## WHAT THE TASK REQUIRES
Using the records that follow, reproduce exactly the lines starting at the line containing "Hotel Gran Via - Général" and ending at the line containing "Cherry Zlushee Disposable". Include both end lines and no pictures.

*** Opening of EXCERPTED DATA ***

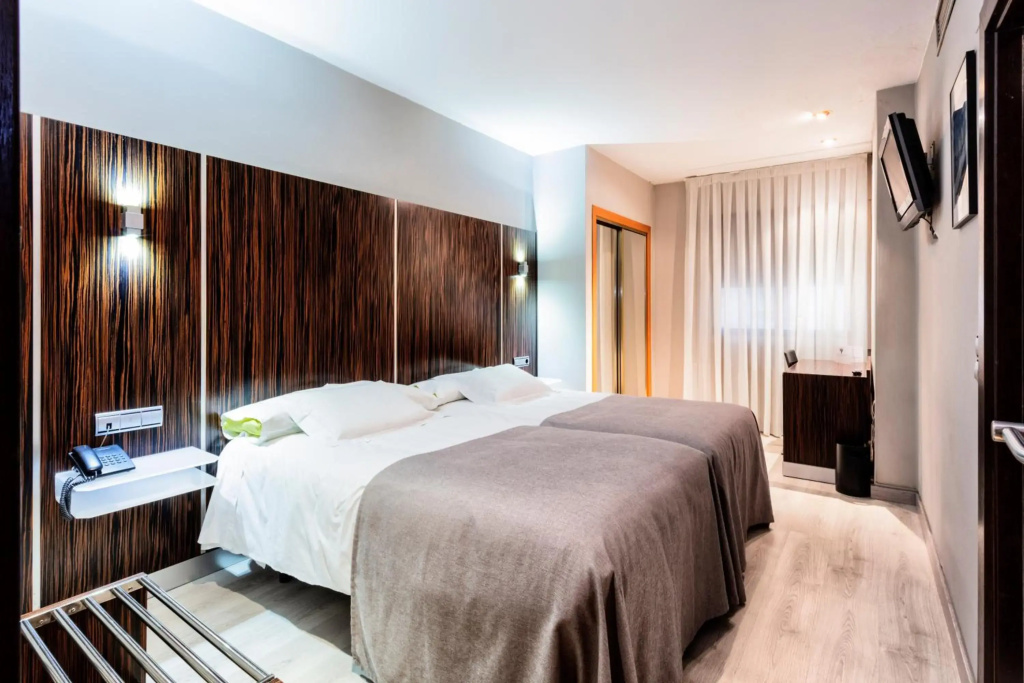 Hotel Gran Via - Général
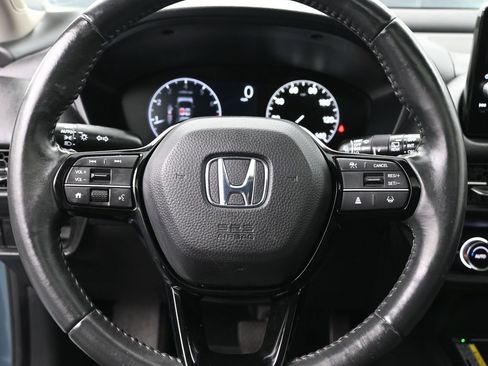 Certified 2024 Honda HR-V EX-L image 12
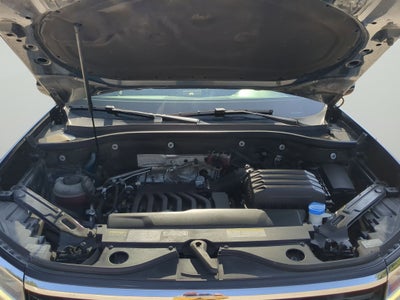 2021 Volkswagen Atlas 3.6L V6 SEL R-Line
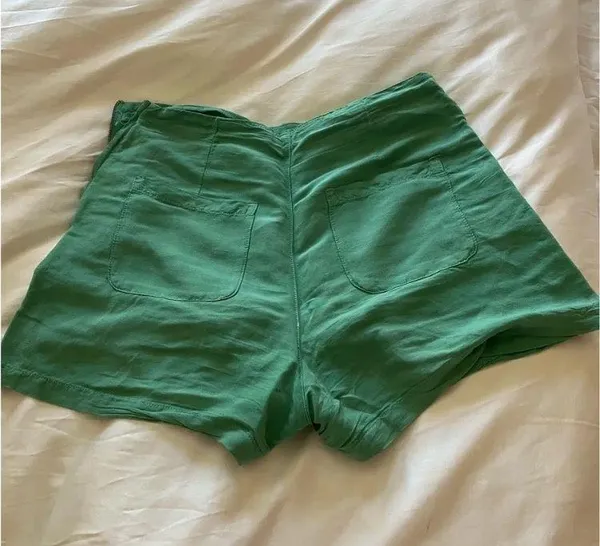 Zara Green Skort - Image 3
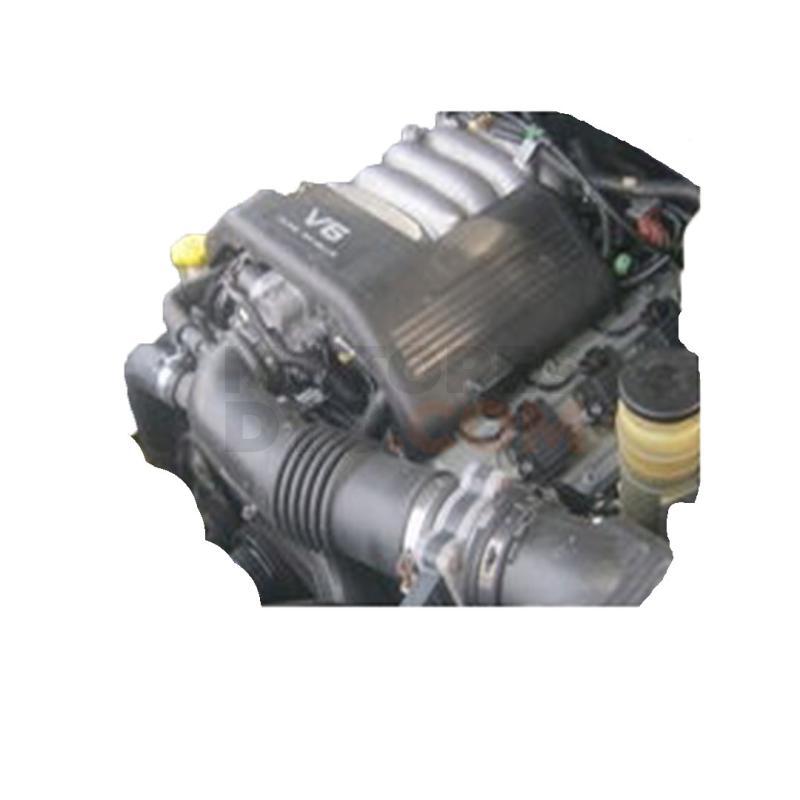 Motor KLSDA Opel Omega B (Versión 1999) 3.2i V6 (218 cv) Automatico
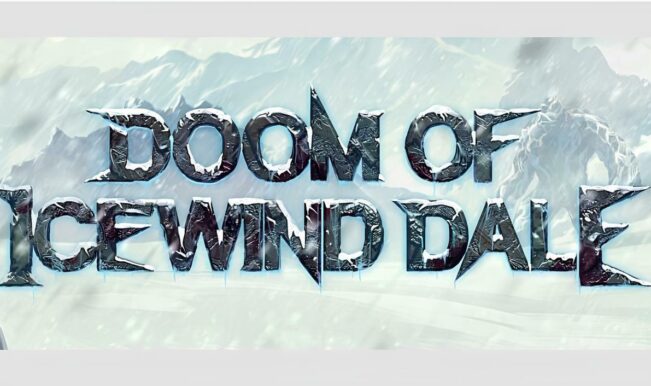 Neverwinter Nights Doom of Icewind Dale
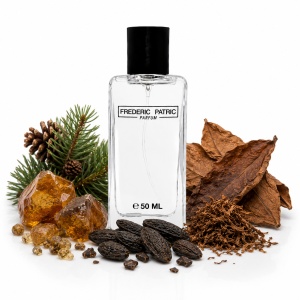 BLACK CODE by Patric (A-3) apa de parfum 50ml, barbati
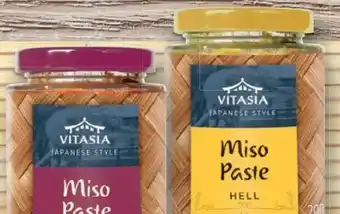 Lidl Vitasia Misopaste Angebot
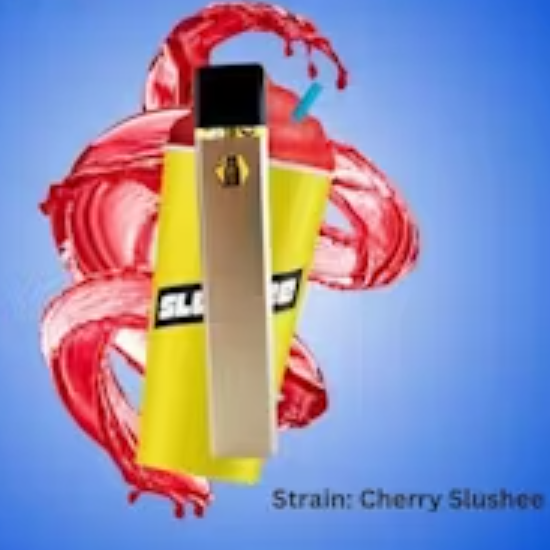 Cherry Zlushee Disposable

*** Close of EXCERPTED DATA ***
*** Opening of EXCERPTED DATA ***

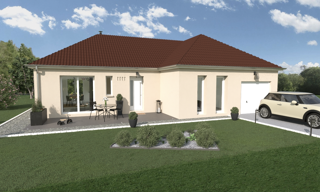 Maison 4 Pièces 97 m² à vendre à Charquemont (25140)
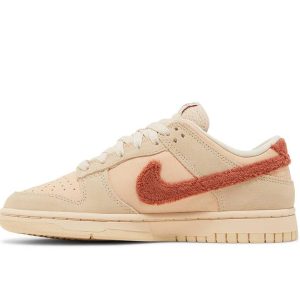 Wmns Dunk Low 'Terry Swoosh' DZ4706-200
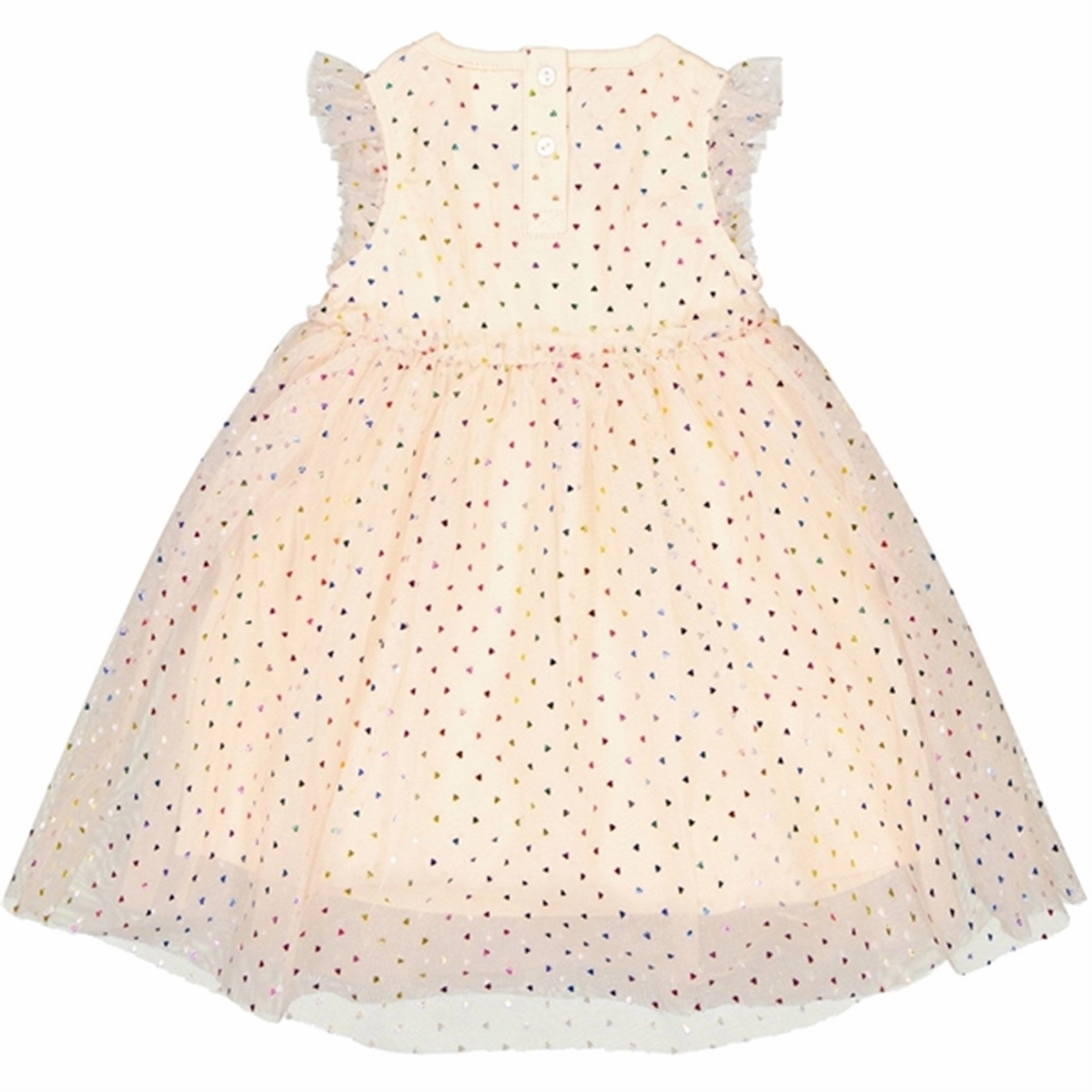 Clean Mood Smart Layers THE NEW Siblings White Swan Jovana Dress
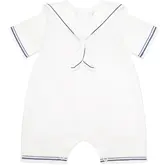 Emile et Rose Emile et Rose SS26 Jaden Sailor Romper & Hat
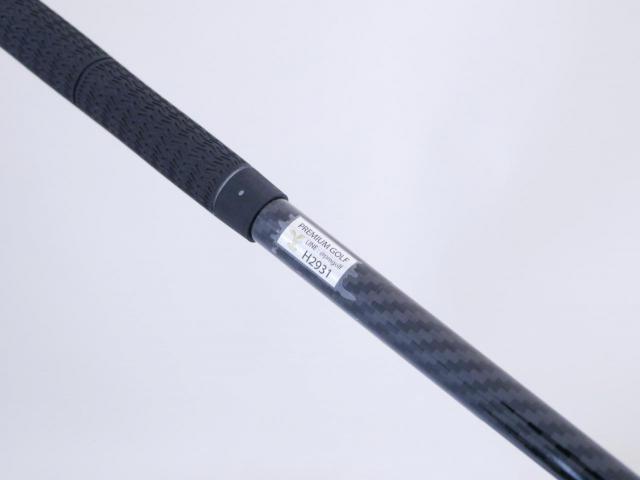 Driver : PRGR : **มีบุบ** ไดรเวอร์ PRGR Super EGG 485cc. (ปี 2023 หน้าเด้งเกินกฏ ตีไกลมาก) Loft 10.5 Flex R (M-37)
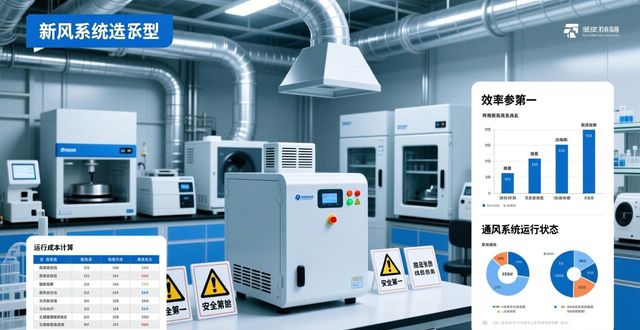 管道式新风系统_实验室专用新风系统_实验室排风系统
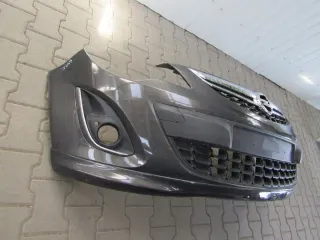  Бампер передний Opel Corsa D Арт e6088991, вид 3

*** Close of EXCERPTED DATA ***

## OUTPUT OF THE EXERCISE
 Hotel Gran Via - Général
 Certified 2024 Honda HR-V EX-L image 12
 2021 Volkswagen Atlas 3.6L V6 SEL R-Line
 Zara Green Skort - Image 3
 Motor KLSDA Opel Omega B (Versión 1999) 3.2i V6 (218 cv) Automatico
 Neverwinter Nights Doom of Icewind Dale
 BLACK CODE by Patric (A-3) apa de parfum 50ml, barbati
 Lidl Vitasia Misopaste Angebot
 Cherry Zlushee Disposable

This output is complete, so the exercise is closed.